Defensively, there isn't a more versatile player on the team than Rush. When Self needed somebody to shut down Oklahoma guard Terrell Everett last season in Allen Fieldhouse, he turned to Rush, and the freshman took the senior right out of the game, completely shut him down. Rush also had a hand in slowing down Florida power forward Joakim Noah. Rush started and finished the game on Corey Brewer, but for a long stretch of the second-half, Self had him check Noah. Accustomed to using his quickness advantage against opposing power forwards, Noah couldn't figure out what to do with Rush.
Averaging 13.6 points, second to Darrell Arthur's 15.9, and 6.0 rebounds, Rush hasn't performed like a first-team All-American, but that's no slam at him. After all, he never said he was one. It's not as if he selected himself to the preseason team. He didn't have a vote. Last season, Rush averaged an almost identical 13.5 points and 5.9 rebounds.

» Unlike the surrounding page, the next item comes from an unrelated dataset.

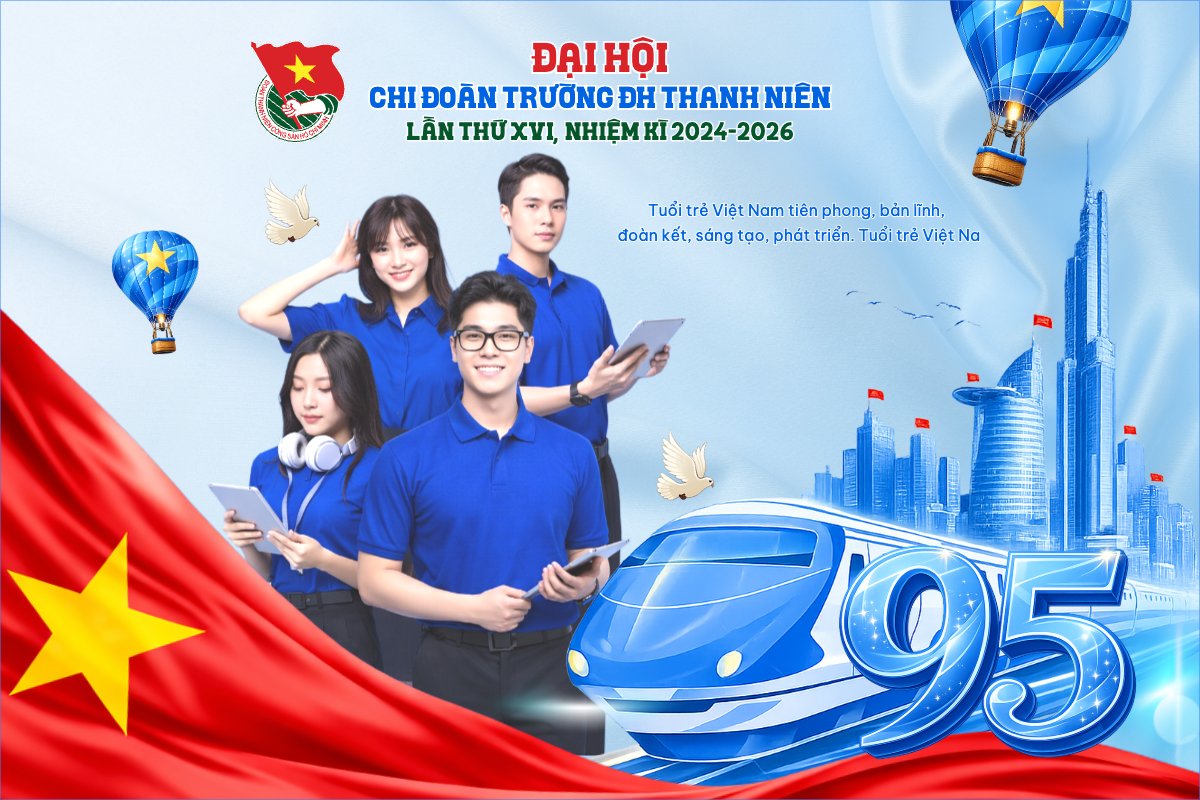 Mẫu Bài post MXH ngang Kỷ niệm 95 năm ngày thành lập Đoàn TNCS Hồ Chí Minh 26/3 — LayerPic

"We have talked about it a lot," Self said on his weekly radio show of Rush's scoring. "A lot is his mindset is such he doesn't want to step on toes. He has a different mindset you'd anticipate him having. He just wants to fit in. That's no good. The biggest thing is we need guys looking for him, too. ... knowing where he shoots from. ... Against Florida, he was more aggressive. He got in the paint several times. ... He will not get 25 a night. He'll average 17 to 18 over time. We need him to get more aggressive. We want him to shoot whenever he's open. He's one of those guys, when he misses a couple he defers. That won't get it done."
If his scoring could just catch up to his defending.